Tunneling into a Finite Luttinger Liquid Coupled to Noisy Capacitive Leads

Tunneling spectroscopy of one-dimensional interacting wires can be profoundly sensitive to the boundary conditions of the wire. Here, we analyze the tunneling spectroscopy of a wire coupled to capacitive metallic leads. Strikingly, with increasing many-body interactions in the wire, the impact of the boundary noise becomes more prominent. This interplay allows for a smooth crossover from standard 1D tunneling signatures into a regime where the tunneling is dominated by the fluctuations at the leads. This regime is characterized by an elevated zero-bias tunneling alongside a universal power-law decay at high energies.

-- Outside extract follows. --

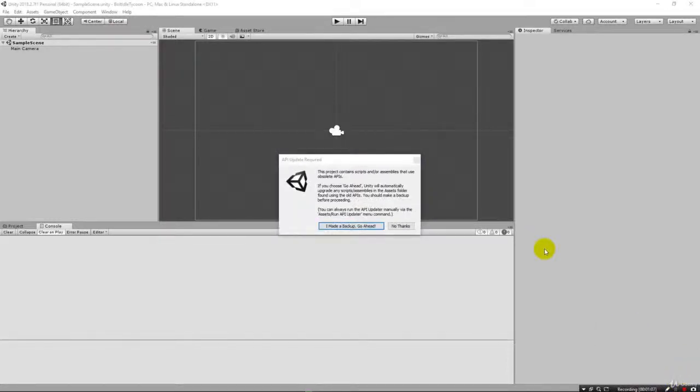It's going to prompt you to make a backup. Obviously this is a brand new project, so we don't have to concern ourselves with that. I'm going to click 'I made a backup, go ahead.'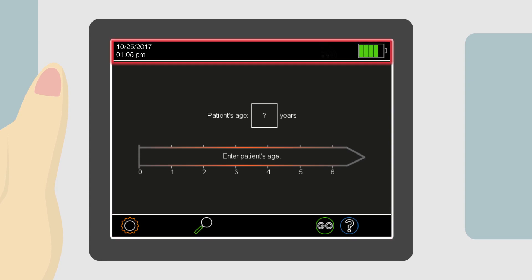The header bar is like a title page. The header bar displays date and time, a symbol for an active wireless LAN connection, and a battery charge indicator.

Furthermore, local tunneling measurements in this regime show a unique spatial dependence that marks the formation of plasmonic standing waves in the wire. Our result offers a tunable method by which to control the boundary effects and measure the interaction strength (Luttinger parameter) within the wire.

Figure 1

(a) A 1D metallic quantum wire of length $L$ is connected to metallic leads, depicted as an outer circuit that is characterized by an Ohmic resistance $R$ and the capacitance to the ground $C$. The leads act as electron reservoirs with well-defined Fermi-Dirac distributions. The tunneling density of states [Eq. (1)] at position $x$ along the wire is probed by a nearby scanning tunneling microscope (STM). (b) The zero temperature power spectral-density $S(\omega )$ of the RC-circuit’s noise [Eq. (3)] (blue solid line) and two asymptotic limits: (i) $\omega {\tau }_{\mathrm{RC}}\ll 1$ (orange dot-dashed line) corresponding to the behavior of ideal Ohmic leads [73] and (ii) $\omega {\tau }_{\mathrm{RC}}\gg 1$ (red dashed line) where high-energy fluctuations are damped by the circuit’s capacitance. (c) (Top) An electron from the STM induces 1D plasmonic excitations, for which the finite wire acts as an effective Fabry-Pérot interferometer with reflection (transmission) coefficients $r_{A,B}$ ($t_{A,B}$). (Bottom) A schematic view of the wire as left- and right-propagating modes connected to two identical leads, that impart current fluctuations $\delta j_{L/R}(t)$ onto the wire [Eq. (3)].

Figure 2

The Green’s function of the wire in the large-capacitance limit. (a) The imaginary (thin green line) and real (thick red line) part of a lesser Green’s function $G^{<}(L/2,t)$ [Eq. (7)]. The dashed lines show the analytically obtained asymptotic limits for long ($t\gg {\tau }_{\mathrm{RC}}$) and short ($t\ll {\tau }_{\mathrm{RC}}$) times. The shaded region (light blue) marks the time interval $\tau <t<{\tau }_{\mathrm{RC}}$ where the interaction-induced correlations in the wire compete with the RC noise. (b) The real part of $\log [\tilde{g}(x,t)]$ [Eq. (4)] exhibiting the nontrivial power-law behavior of the Green’s function depending on the position of the STM tip (solid lines). Furthermore, our analytical asymptotic result (dashed lines) [Eq. (11)] agrees with the numerical result (solid lines). In all plots, we use an experimentally realizable interaction parameter $U/v_F=15$, see, e.g., Refs. [33, 34], and large capacitance, ${\tau }_{\mathrm{RC}}/\tau =100$.

Figure 3

(a) The normalized TDOS $\nu /{\nu }_0$ in the large-capacitance regime (${\tau }_{\mathrm{RC}}/\tau =100$) calculated for five different STM positions in the wire. At high energies, $\omega \gg 2\pi /{\tau }_{\mathrm{RC}}$, the tunneling is suppressed and the TDOS exhibits a power-law decay. Interaction-induced Fabry-Pérot oscillations with a period of $2\pi /\tau$ are present at high energies. For low energies, the TDOS is constant that depends on the value of ${\tau }_{\mathrm{RC}}$. (b) An enlargement on (a) where the TDOS is rescaled by a factor ${\omega }^3$ such that the difference between different measuring positions inside the wire can be seen more clearly. (c) The TDOS of a finite (blue solid line) and infinite (black dashed line) TLL when the capacitance in the leads is set to zero. In a finite-length TLL, the zero-bias TDOS does not vanish but saturates at a finite value [57]. Note that the normalization of the TDOS is with respect to the value of noninteracting TDOS with vanishing capacitance, ${\nu }_0$. The interaction strength used in all plots is $U/v_F=15$.